While a baseline of security is required in order to enjoy rights per se, ‘countering terrorism’ often infringes on the rights of suspected terrorists and, more broadly, undermines social cohesion and the rule of law. For that reason, it is important that we pay proper attention to rights in the making, implementation and review of counter-terrorism laws and policies.
In spite of this, the pre-legislative process in EUCT is problematic from a rights-based perspective, even where the formal ex ante impact assessment process is employed. This process, undertaken by the Commission, engages with stakeholders to predict the environmental, economic and social impacts of proposed measures and provide an evidence-base for political decision-making.

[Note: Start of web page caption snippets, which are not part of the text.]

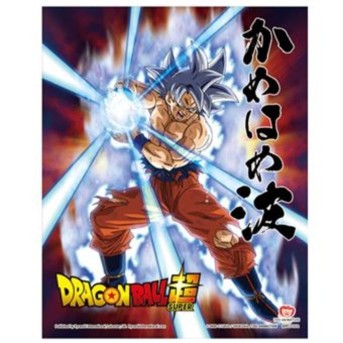 Dragon Ball Cuadro 3D Overpowered Team Up - Dragon Ball 2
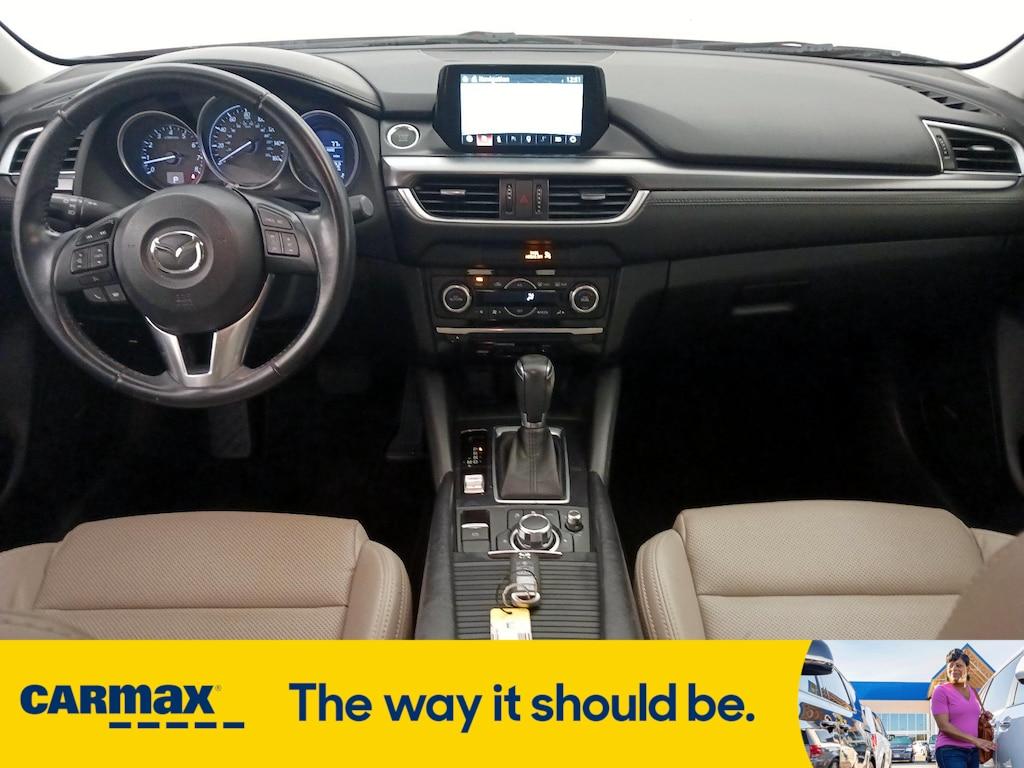 used 2016 Mazda Mazda6 car, priced at $14,998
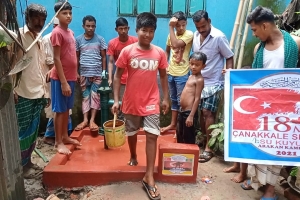 Arakan 18 Mart su kuyusu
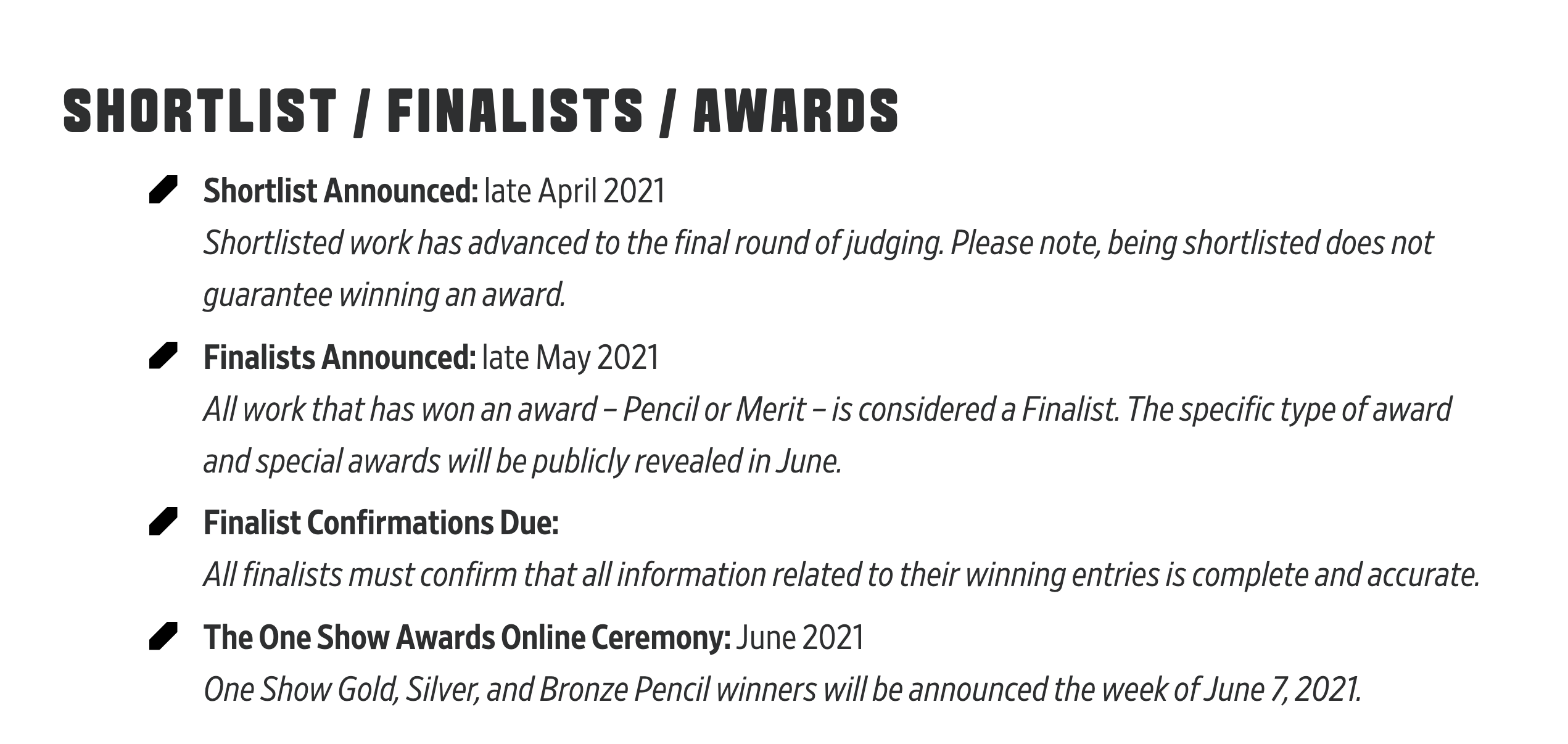 2021 - Jury PT One Club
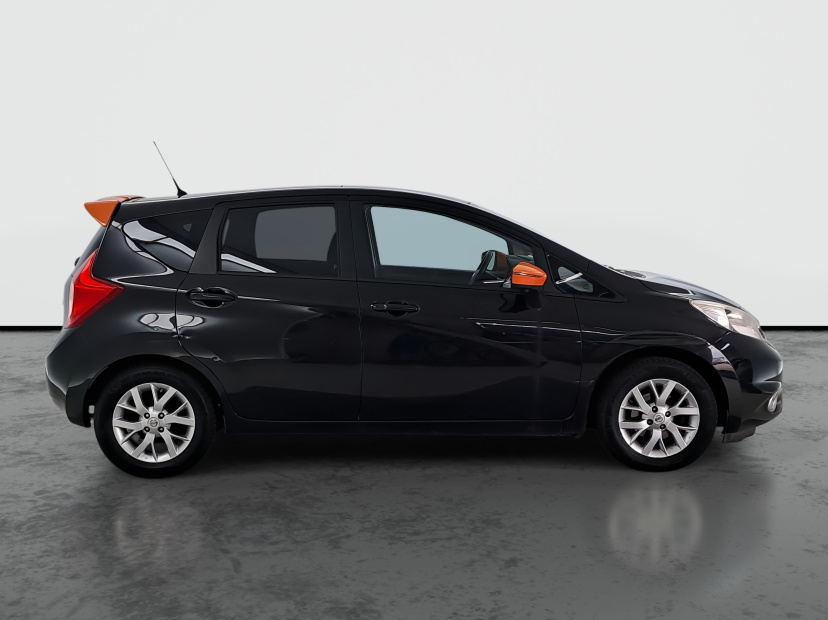 Nissan Note, 2015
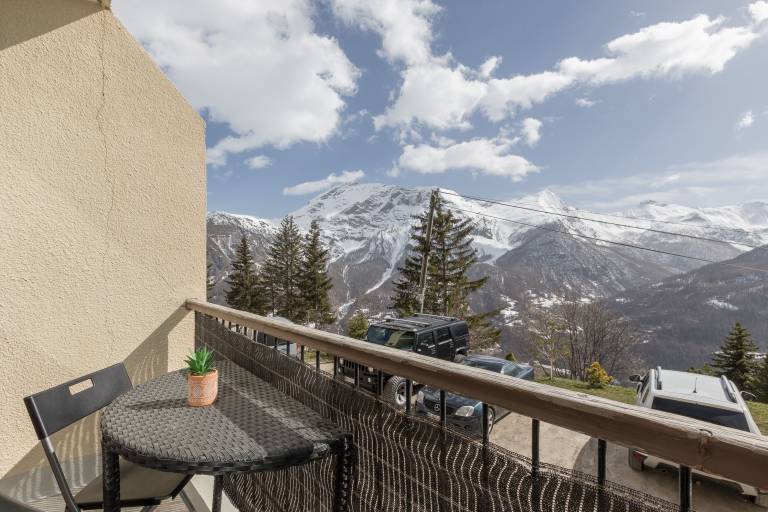 Appartement Orcières Merlette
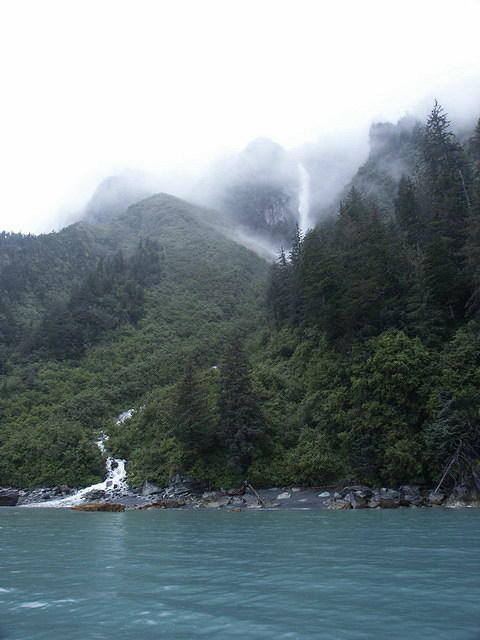 2006-08-16 aboard the Lu-Lu Belle Valdez, AK 038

Social impacts include impacts on rights. Understandably, however, the qualitative analysis of rights impact is not easily assessed alongside the quantitative analysis of economic impact, with more ‘concrete’ data often appearing to receive more analytical weight. Thus, it is not unusual when reading these assessments to notice that the analysis of rights is ‘light touch’.
This might be expected given that forward-looking analyses are speculative, especially in relation to values that are difficult to quantify. But it points towards a need to afford more weight to rights in these assessments, especially as they can also shape later analyses of the ‘effectiveness’ of measures where such ex post assessment takes place.
We can only ascertain a measure’s actual impact once it is operational. Even at that point it is important to remember that the impact of EUCT will not be uniform across every member state or social group: the vast majority of implementation is national and there can be significant variations across the member states.
In spite of this, formal ex post facto review of EU counter-terrorism is remarkably infrequent, even where the measure in question expressly requires it. Of the 88 legally binding minding measures introduced since 2001, 68 required review, only 33 of which have so far taken place on time (10 have not reached their time limit).
The lack of effective and regular ex post facto review of EUCT is highly problematic from a rights-based perspective. The necessity and proportionality of any measure may vary according to changing security and social circumstances and thus requires regular review. Without this, we must rely on the hope that a court will have the opportunity to judicially review a measure to assess its legality, which assessment is only part of a comprehensive rights-related understanding of the impact of counter-terrorist measures.
The EU is a relative newcomer to counter-terrorism, and although it takes some account of rights, this is not sufficient to ensure EUCT is as rights-compliant as possible. The EU does have the potential to account more fully for rights in its counter-terrorism, in particular by enhancing participation in the life cycle of counter-terrorist law- and policy-making and instigating regular, participatory and evaluative review.